April 22, 2013

Bill Nemitz: Dark times at Maine Labor Department

Think your job is stressful? Put yourself in the place of the eight unemployment hearing officers summoned to the Blaine House last month:

You get an email from your boss telling you that Gov. Paul LePage would like to dine with you. And by the way, your presence isn't merely requested -- it's required.

Then, over the course of an hour, you listen while the governor and Jennifer Duddy, chairman of the Maine Unemployment Insurance Commission, tell you they're none too happy with the way you've been doing your job.

Their beef? Your rulings are too friendly to employees who have lost their jobs, and not friendly enough to the employers who had good reason to show those deadbeats the door in the first place.

"In the decades I've been doing this work, I've never seen anything like it, from either end of the political spectrum," wrote Wayne Reed, one of the hearing officers, in an email obtained by this newspaper last week through a Freedom of Access Act request.

Reed continues: "For the purposes (of) keeping political pressures/bias out of quasi-judicial process within the Maine Department of Labor, these are dark times."
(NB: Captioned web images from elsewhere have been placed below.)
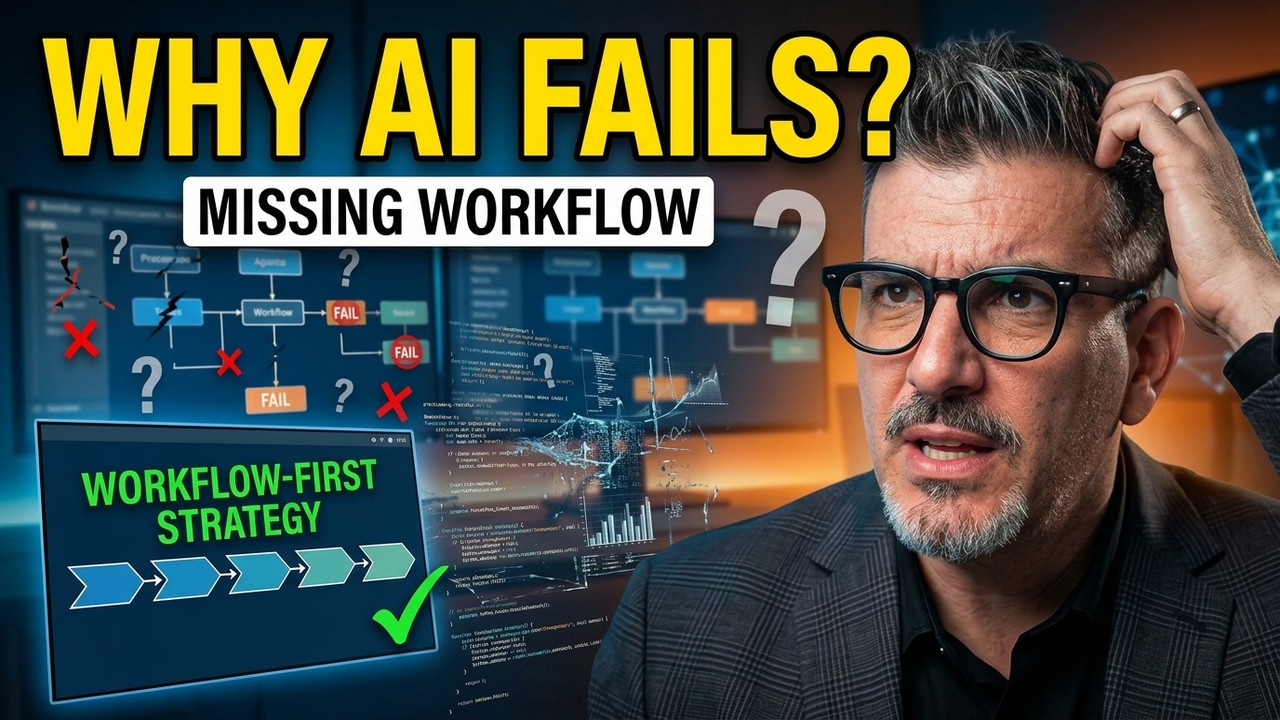 Why Most AI Transformations Fail (Workflow-First Strategy)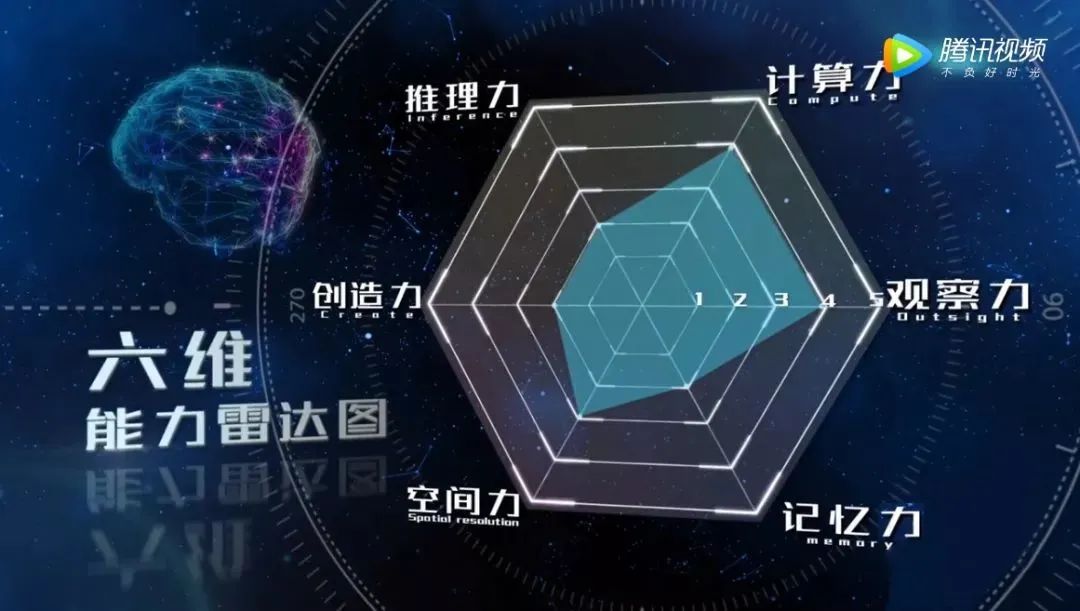 看过《最强大脑》的观众相信对六维能力雷达图并不陌生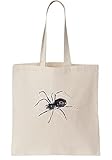 Ambiente-friendly Functon+ Real Looking Gigantic Spider Canvas Tote Bag/Borsa gigante in tela di ragno dall\'aspetto reale, beige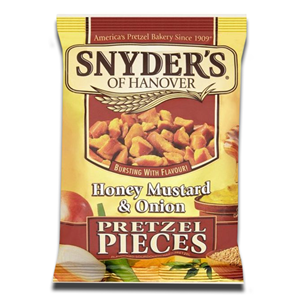 Snyders Pretzel Pieces Honey Mustard Onion 125g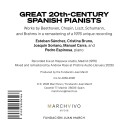 Esteban Sanchez, Cristina Bruno, Joaquin Soriano, Manuel Carra, Pedro Espinosa  Great 20thCentury Spanish Pianists (Live)  CD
Indeed. And while LePage tries to make them even darker with his call for a top-to-bottom, "blue ribbon" review of Maine's unemployment compensation system (see: Smokescreen/Political), two questions now loom over this administration like a storm a' brewing:

Exactly what happened at that now-infamous lunch meeting inside the governor's mansion on March 21?

And just as important, when are state and federal investigators going to start showing a little curiosity about what one group of attorneys is already calling a blatant violation of the law?

"Governor LePage (is) intentionally interfering with the neutrality and basic fairness of the appeals system in order to favor employers over workers. Federal law clearly prohibits such interference," wrote David Webbert, president of the 50-plus member Maine Employment Lawyers Association, in a letter last week to the U.S. Department of Labor and the Office of the Inspector General.

Even a month after the lunch took place, on-the-record reports of who said what are hard to come by. The hearing officers, who collect evidence and, much like a judge, rule on disputed unemployment claims, have so far said they're too fearful of retribution to go public.

But like so many pieces in a jigsaw puzzle, the 3-inch stack of emails released last week and not-for-attribution contacts with the media are coming together to form a troubling picture of state government at its worst.

To wit: Unemployment Insurance Commission Chairman Duddy, a LePage political appointee, was asked by LePage at one point in the luncheon to give a brief presentation on Maine's unemployment compensation program.

Duddy, whose commission handles appeals of the hearing officers' rulings, instead lambasted the hearing officers for not conforming with her interpretation of the law -- contained in a lengthy critique and analysis she'd earlier provided to the LePage administration.

Linda Rogers-Tomer, the Maine Department of Labor's chief administrative hearing officer, spoke with Duddy about her remarks the next day.

"I asked why, when the governor asked her to give an overview of the unemployment program, she felt compelled to so publicly criticize DAH (Division of Administrative Hearings) in the presence of the highest elected official in the state rather than what the Governor asked her to speak to," Rogers-Tomer wrote in notes after the 17-minute conversation. "She responded that she did not think it appropriate to give an overview to the hearing officers who have been doing this work for many years."

So Duddy, a political appointee of the guy seated at the head of the lunch table, used her time to throw the hearing officers under the bus.